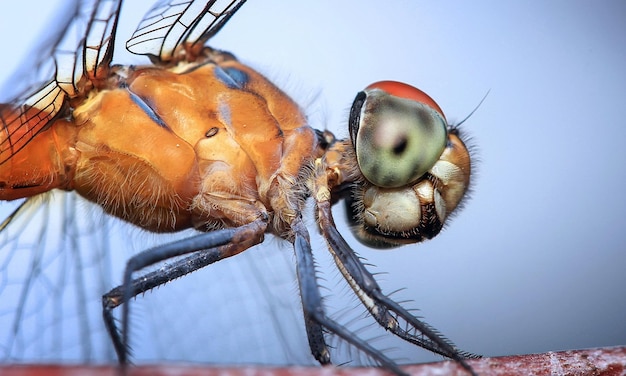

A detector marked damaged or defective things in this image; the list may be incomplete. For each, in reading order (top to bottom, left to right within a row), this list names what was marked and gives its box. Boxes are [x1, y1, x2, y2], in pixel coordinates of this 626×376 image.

rusty metal surface [1, 346, 624, 376]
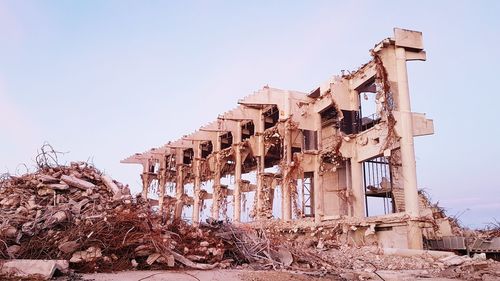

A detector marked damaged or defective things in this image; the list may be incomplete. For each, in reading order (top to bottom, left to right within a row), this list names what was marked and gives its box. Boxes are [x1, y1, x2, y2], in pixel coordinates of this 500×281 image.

damaged building [124, 29, 438, 249]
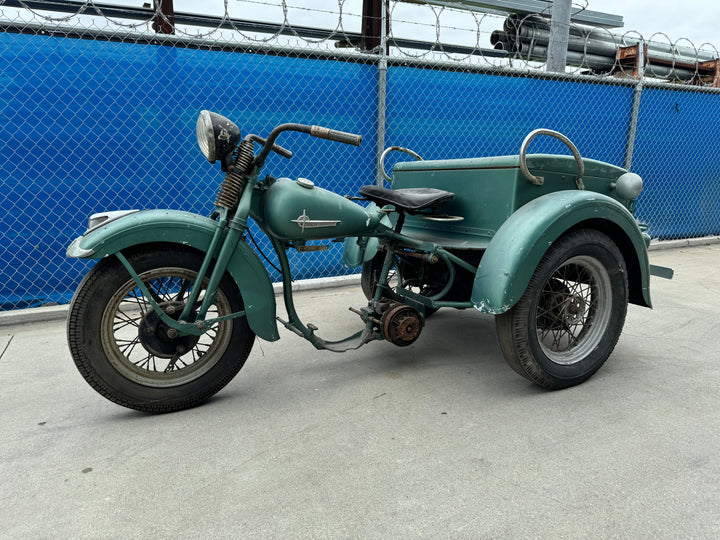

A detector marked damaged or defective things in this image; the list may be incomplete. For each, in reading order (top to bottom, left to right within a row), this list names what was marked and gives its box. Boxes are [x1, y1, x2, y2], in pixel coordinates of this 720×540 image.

rusty metal part [376, 304, 422, 346]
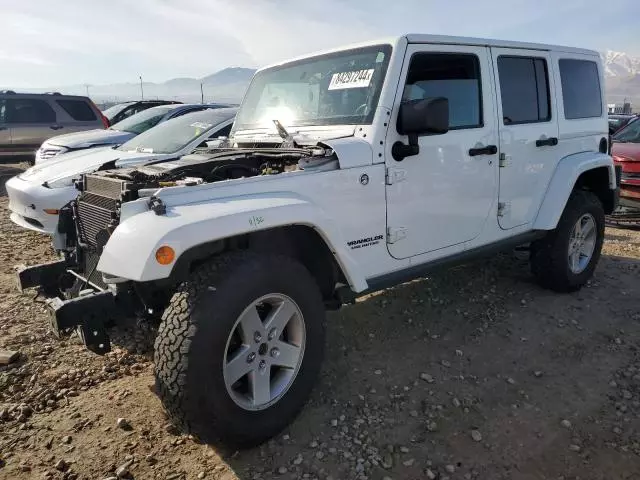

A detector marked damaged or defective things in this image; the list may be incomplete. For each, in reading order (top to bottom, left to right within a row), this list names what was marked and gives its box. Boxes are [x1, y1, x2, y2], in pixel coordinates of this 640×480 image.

front bumper damage [16, 260, 131, 354]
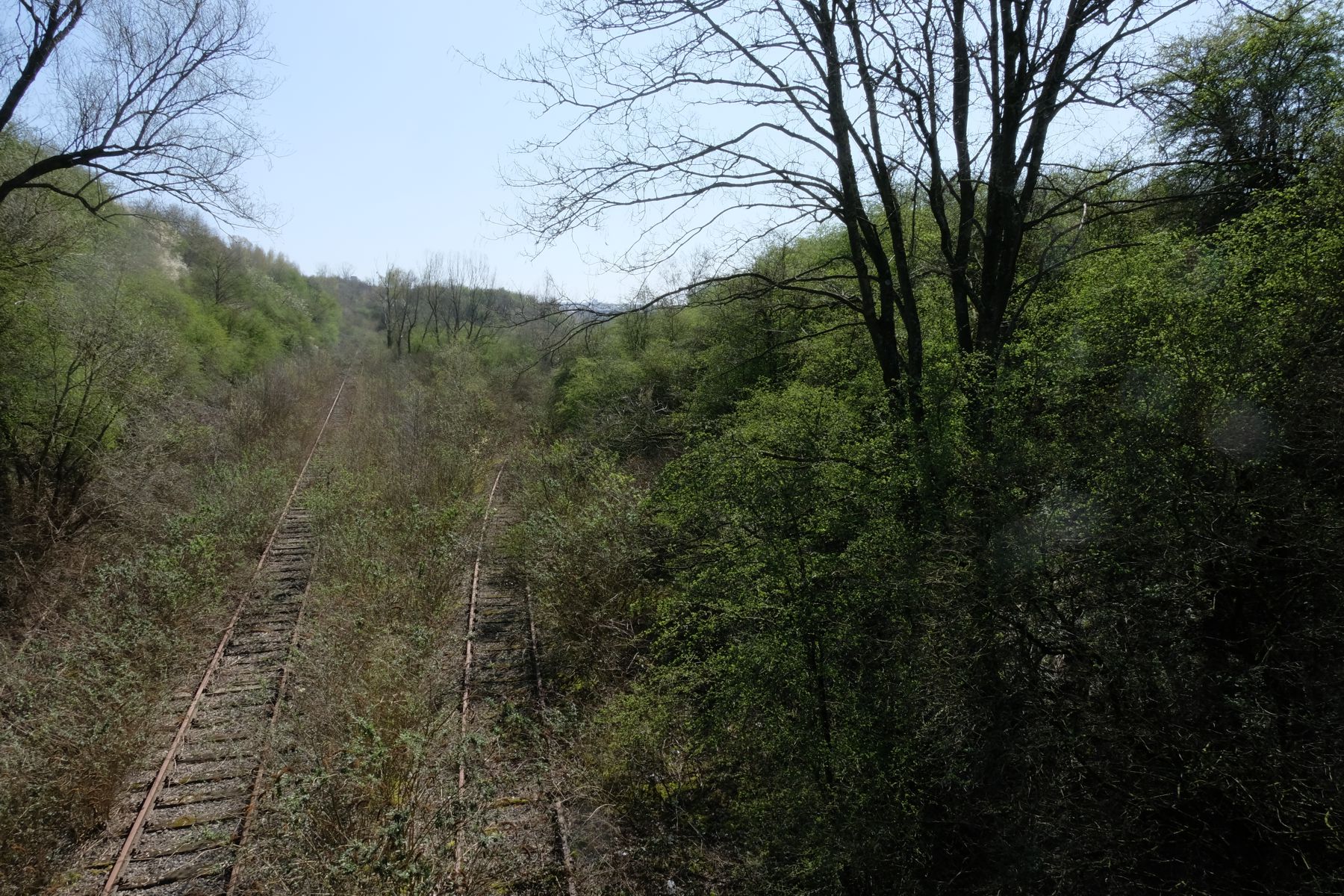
============================================================
- PROBLEM DETAILS -
For this exercise, please reproduce the records above exactly and drop the images.

- RESPONSE TO THIS TASK -
A detector marked damaged or defective things in this image; the list may be incomplete. For each, in reading order (top to bottom, left to right within a row), this list names what was marked and gives its box. Boxes are [x1, y1, x2, y2], in pixel coordinates of this 626×376 image.

rusty metal surface [1, 346, 624, 376]

A detector marked damaged or defective things in this image; the list may be incomplete. For each, in reading order (top to bottom, left to right within a row), this list names what was marked and gives its box. Boxes are [x1, y1, x2, y2], in pixel coordinates of this 500×281 image.

damaged building [124, 29, 438, 249]

A detector marked damaged or defective things in this image; the list may be incomplete. For each, in reading order (top to bottom, left to right within a row), this list names what was marked and gives its box. Boxes are [x1, y1, x2, y2], in pixel coordinates of this 720×540 image.

rusty metal part [376, 304, 422, 346]

A detector marked damaged or defective things in this image; the list may be incomplete. For each, in reading order (top to bottom, left to right within a row), this list names what was marked and gives its box. Boxes are [x1, y1, x2, y2], in pixel coordinates of this 640×480 image.

front bumper damage [16, 260, 131, 354]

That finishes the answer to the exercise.